WHAT IS NEEDED:
Up to and including the final line, please copy every line exactly, starting from the one that contains "LESU RC Loader" in the material below.

DATA:

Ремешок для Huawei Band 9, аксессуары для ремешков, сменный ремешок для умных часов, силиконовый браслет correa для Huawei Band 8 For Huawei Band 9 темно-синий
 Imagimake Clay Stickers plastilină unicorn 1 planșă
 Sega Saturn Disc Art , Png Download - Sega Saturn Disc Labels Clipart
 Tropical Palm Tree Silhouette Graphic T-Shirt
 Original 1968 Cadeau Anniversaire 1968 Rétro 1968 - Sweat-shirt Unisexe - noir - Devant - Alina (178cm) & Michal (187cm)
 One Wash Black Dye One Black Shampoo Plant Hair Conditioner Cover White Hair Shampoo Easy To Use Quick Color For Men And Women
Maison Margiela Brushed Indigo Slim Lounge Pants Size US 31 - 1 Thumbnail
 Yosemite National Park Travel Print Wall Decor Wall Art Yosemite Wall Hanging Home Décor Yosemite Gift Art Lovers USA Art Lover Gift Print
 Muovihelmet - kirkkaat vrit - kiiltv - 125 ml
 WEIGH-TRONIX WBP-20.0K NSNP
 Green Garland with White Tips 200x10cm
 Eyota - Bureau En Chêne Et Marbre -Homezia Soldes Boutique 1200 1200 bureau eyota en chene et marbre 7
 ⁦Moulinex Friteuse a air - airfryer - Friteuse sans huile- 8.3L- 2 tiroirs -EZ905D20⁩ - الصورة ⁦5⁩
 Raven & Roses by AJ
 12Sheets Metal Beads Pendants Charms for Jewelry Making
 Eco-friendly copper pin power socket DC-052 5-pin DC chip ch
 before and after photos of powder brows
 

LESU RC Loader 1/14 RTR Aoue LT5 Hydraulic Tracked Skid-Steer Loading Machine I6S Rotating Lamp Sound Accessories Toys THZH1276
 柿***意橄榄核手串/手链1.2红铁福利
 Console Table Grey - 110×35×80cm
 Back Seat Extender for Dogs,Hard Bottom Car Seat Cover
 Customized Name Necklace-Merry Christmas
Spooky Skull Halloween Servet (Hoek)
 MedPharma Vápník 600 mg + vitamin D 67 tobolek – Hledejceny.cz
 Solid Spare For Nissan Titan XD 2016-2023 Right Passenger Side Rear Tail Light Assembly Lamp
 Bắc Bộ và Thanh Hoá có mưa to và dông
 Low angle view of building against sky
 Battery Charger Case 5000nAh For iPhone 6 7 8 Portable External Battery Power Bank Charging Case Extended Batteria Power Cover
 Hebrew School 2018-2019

WRITTEN RESPONSE:
LESU RC Loader 1/14 RTR Aoue LT5 Hydraulic Tracked Skid-Steer Loading Machine I6S Rotating Lamp Sound Accessories Toys THZH1276
 柿***意橄榄核手串/手链1.2红铁福利
 Console Table Grey - 110×35×80cm
 Back Seat Extender for Dogs,Hard Bottom Car Seat Cover
 Customized Name Necklace-Merry Christmas
Spooky Skull Halloween Servet (Hoek)
 MedPharma Vápník 600 mg + vitamin D 67 tobolek – Hledejceny.cz
 Solid Spare For Nissan Titan XD 2016-2023 Right Passenger Side Rear Tail Light Assembly Lamp
 Bắc Bộ và Thanh Hoá có mưa to và dông
 Low angle view of building against sky
 Battery Charger Case 5000nAh For iPhone 6 7 8 Portable External Battery Power Bank Charging Case Extended Batteria Power Cover
 Hebrew School 2018-2019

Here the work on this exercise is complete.